Note: It isn't tested if the childNode/rootNode is way down the document. The code is in place, but isn't tested. If you get the chance to test this please create an issue and let us know what you found.

Example:

If you have the following XML file and you want to retrieve all the <ARTICLE> nodes:

<?xml version="1.0" encoding="utf-8"?>
<ARTICLES>
    <BODY>
        <COMPANY-NR>
            <COMPANY>10</COMPANY>
            <SHOP>
                <SHOPNR>2</SHOPNR>
                <ARTICLE>
                    <!-- ... -->
                </ARTICLE>
                <ARTICLE>
                    <!-- ... -->
                </ARTICLE>
            </SHOP>
        </COMPANY-NR>
        <COMPANY-NR>
            <COMPANY>10</COMPANY>
            <SHOP>
                <SHOPNR>3</SHOPNR>
                <ARTICLE>
                    <!-- ... -->
                </ARTICLE>
            </SHOP>
        </COMPANY-NR>
    </BODY>
</ARTICLES>

This would result in the following configuration:

<source model="ho_import/source_adapter_xml">
    <file>path/to/you/file.xml</file>
    <rootNode>BODY</rootNode>
    <rootNode>ARTICLE</rootNode>
</source>

Spreadsheet Source (Low Memory)

The Spreadsheet Source is an implementation of spreadsheet-reader and therefor supports

So far XLSX, ODS and text/CSV file parsing should be memory-efficient. XLS file parsing is done with php-excel-reader from http://code.google.com/p/php-excel-reader/ which, sadly, has memory issues with bigger spreadsheets, as it reads the data all at once and keeps it all in memory.

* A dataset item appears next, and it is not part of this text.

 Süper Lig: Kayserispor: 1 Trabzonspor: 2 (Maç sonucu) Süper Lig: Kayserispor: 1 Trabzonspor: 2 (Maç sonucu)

<source model="ho_import/source_adapter_spreadsheet">
    <file>var/import/products.xml</file>

    <!-- If the first line has headers you can use that one, else the columns will only be numbered -->
    <!-- <has_headers>1</has_headers> -->
</source>

Database Source

The Database source is an implementation of Zend_Db_Table_Rowset and allows all implentation of Zend_Db_Adapter_Abstract as a source. It supports MSSQL, MySQL, PostgreSQL, SQLite and many others. For all possible supported databases take a look in /lib/Zend/Db/Adapter.

The current implementation isn't low memory because it executes the query and loads everything in memory.

<source model="ho_import/source_adapter_db">
    <host><![CDATA[hostname]]></host>
    <username><![CDATA[username]]></username>
    <password><![CDATA[password]]></password>
    <dbname><![CDATA[database]]></dbname>
    <model><![CDATA[Zend_Db_Adapter_Pdo_YourFavoriteDatabase]]></model>
    <pdoType>dblib</pdoType>
    <query><![CDATA[SELECT * FROM Customer]]></query>
    <!--<limit>10</limit>-->
    <!--<offset>10</offset>-->
</source>

If your PDO driver doesn't support pdoType then simply remove that node. If you wish to pass more config parameters to the PDO driver then add more nodes like for PGSQL: <sslmode>require</sslmode>

Events

All events work with a transport object which holds the data for that line. This a Varien_Object with the information set.

<events>
    <process_before helper="ho_import/import_product::prepareSomeData"/>
    <import_before helper="ho_import/import_product::callWifeIfItIsOk"/>
    <source_row_fieldmap_before helper="ho_import/import_product::checkIfValid"/>
    <source_row_fieldmap_after helper="ho_import/import_product::extractData"/>
    <source_fieldmap_after helper="ho_import/import_product::appendExtraData"/>
    <import_after helper="ho_import/import_product::reindexStuff"/>
    <process_after helper="ho_import/import_product::cleanupSomeData"/>
</events>

Event: import_before

Event: source_row_fieldmap_before

It has one field items set. This can be replaced, extended etc. to manipulate the data. Optionally you can set the key skip to 1 to skip this source row all together.

Event: import_after

Fieldmap

This is where the magic of the module happens. Map a random source formatting to the Magento format.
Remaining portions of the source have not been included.